Stronger Structure: Ford's new 500 model is one of many new cars with more content from advanced high-strength steels.
Choosing materials and fastening solutions that mesh with efficient manufacturing will heighten your chances for project success.
That message came through repeatedly from design veterans participating in seven Web-based seminars presented by Design News and industry partners on March 30. Part of a continuing series of online E2E (Engineer to Engineer) seminars archived on www.designnews.com/E2E, the full-day materials event featured advice and anecdotes from many respected names in the field.
Engineers attending the virtual conference got a taste of technical sleuthing, as keynote speaker Ken Russell gave examples of metal failure cases he investigated during his long career as a forensics metallurgist. A professor emeritus at MIT, Russell also chartered the evolution of materials trends in his career.
"We've gone from steel ruling the materials world to a focus on semiconductor materials and ceramics," Russell said. "Now, polymers and especially biomaterials are dominating R&D." Among notable developments, he cited artificial skin for burn victims and new forms of drug delivery, such as polymers impregnated with time-released medications.
Doing the impossible
Other speakers described how engineers and manufacturers can beat the odds through collaboration on design, materials choices, and production methods. Bob Mizek, director of engineering at New Archery Products, told how he teamed with custom molder Phillips Plastics on the revolutionary "QuikSpin" vane.

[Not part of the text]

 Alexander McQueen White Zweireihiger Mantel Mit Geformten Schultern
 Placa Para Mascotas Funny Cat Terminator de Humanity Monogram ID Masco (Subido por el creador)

Until this product came along, related Mizek, companies had not been successful in molding large quantity of vanes—the fin-like component on the rear shaft of the arrow.
New Archery engineers worked with Phillips to find a thermoplastic that was durable, colorable, and—for hunting enthusiasts—odorless. The application also needed a multi-shot molding operation. "Everyone thought all this was an impossible challenge—except for Phillips," recalled Mizek, who cited the steps his firm took with the molder to refine the design, develop prototypes, and keep costs in check. The team even brought noted Canadian archery champion Bruce Malmberg into the act—getting his feedback as the design progressed.
On Target: Designer-molder collaboration made the QuikSpin arrow vane an archery champion.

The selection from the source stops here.